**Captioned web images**

______

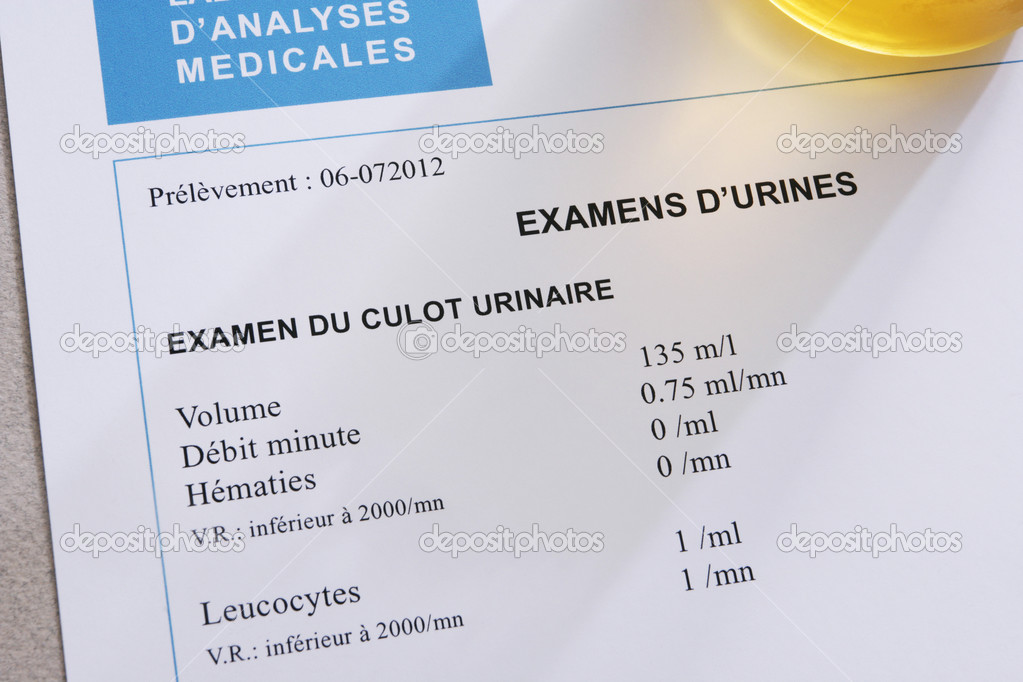 analyse urine analyse urine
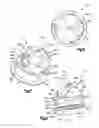 Fig. 04 - Blunt Tip Bone Screw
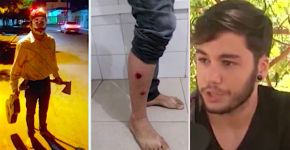 Jovem se veste de palhaço macabro e leva balas de borracha da PM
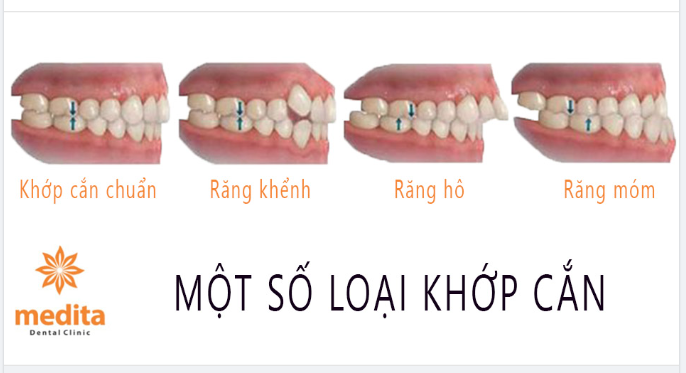 LỆCH KHỚP CẮN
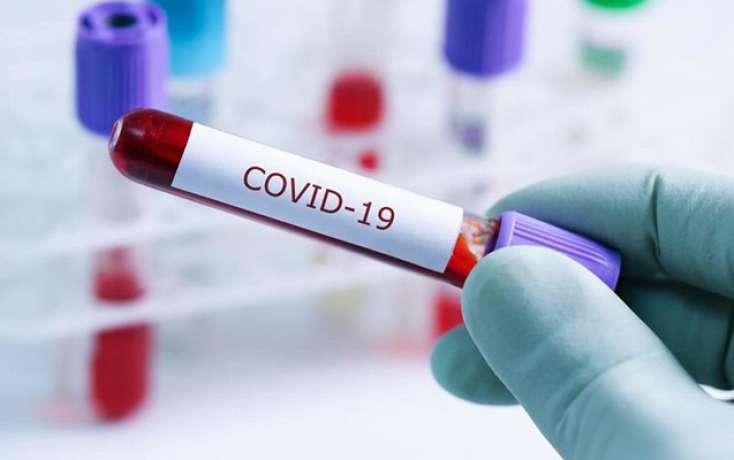 Türkiyədə koronavirusdan daha 39 nəfər ölüb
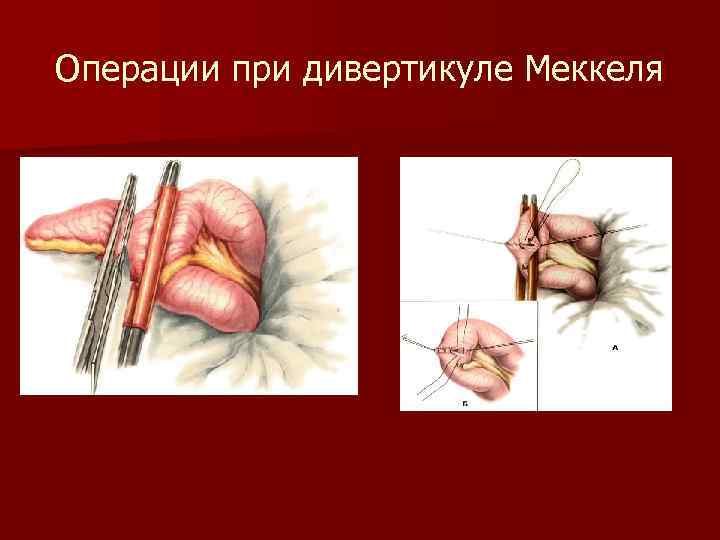 Операции при дивертикуле Меккеля 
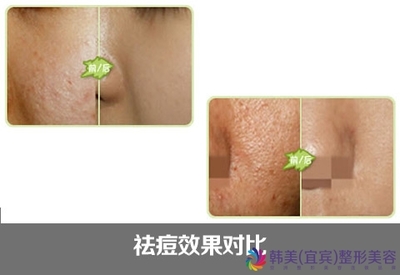 激光治疗痘痘需要注意什么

______

**EXERCISE BRIEF**
Please give an exact copy of the lines from the line containing "LỆCH KHỚP CẮN" through the end of the records above, pictures excluded.

**SOLUTION TO THIS TASK**
 LỆCH KHỚP CẮN
 Türkiyədə koronavirusdan daha 39 nəfər ölüb
 Операции при дивертикуле Меккеля 
 激光治疗痘痘需要注意什么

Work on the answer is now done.